Posted by Richard on March 20, 2007

Michael Totten is doing some consulting work in Kurdistan, and he's produced a long report on the area, illustrated with lots of wonderful pictures. He reminds us that parts of Iraq are nothing like the chaos and hell that the MSM dwells on every day, and have in fact made remarkable progress in the past year or so:

Fourteen months ago I flew to Erbil, the capital of Iraqi Kurdistan, from Beirut, Lebanon, on the dubiously named Flying Carpet Airlines. Flying Carpet's entire fleet is one small noisy plane with propellers, cramped seats, and thin cabin pressure. Only nineteen passengers joined me on that once-a-week flight. Everyone but me was a Lebanese businessman. They were paranoid of me and of each other. What kind of crazy person books a flight to Iraq, even if it is to the safe and relatively prosperous Kurdistan region? I felt completely bereft of sense going to Iraq without a gun and without any bodyguards, and it took a week for my on-again off-again twitchiness to subside.
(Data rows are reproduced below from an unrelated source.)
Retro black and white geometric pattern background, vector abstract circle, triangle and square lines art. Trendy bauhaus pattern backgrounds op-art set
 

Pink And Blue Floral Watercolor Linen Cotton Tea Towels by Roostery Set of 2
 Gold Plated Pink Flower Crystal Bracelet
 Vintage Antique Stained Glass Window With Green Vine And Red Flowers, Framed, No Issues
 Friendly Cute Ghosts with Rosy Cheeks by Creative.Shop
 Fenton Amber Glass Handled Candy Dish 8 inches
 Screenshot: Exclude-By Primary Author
Last week I flew to Erbil from Vienna on Austrian Airlines to work for a few weeks as a private sector consultant with my colleague Patrick Lasswell. This time I didn't feel anything like a fool. Almost half the passengers were women. Children played on their seats and in the aisle with toys handed out by the crew. We watched an in-flight movie and ate the usual airline lunch fare served by an attractive long legged stewardess. The cabin erupted with applause when the wheels touched down on the runway. The pilot announced the weather (sunny and 60) in three languages and cheerfully told us all to have a great day. Have a great day may seem an odd thing to say to people who just arrived in Iraq, but this is Kurdistan. I did, indeed, have a great day.

Read the rest. Totten is far from a Pollyanna. He doubts that the Sunni and Shia Arabs will be able to live in peace (but he admits his predictions about the Middle East have been wrong before). Totten thinks that the Kurds, on the other hand, have a very bright future. His report certainly contains plenty of evidence to support optimism.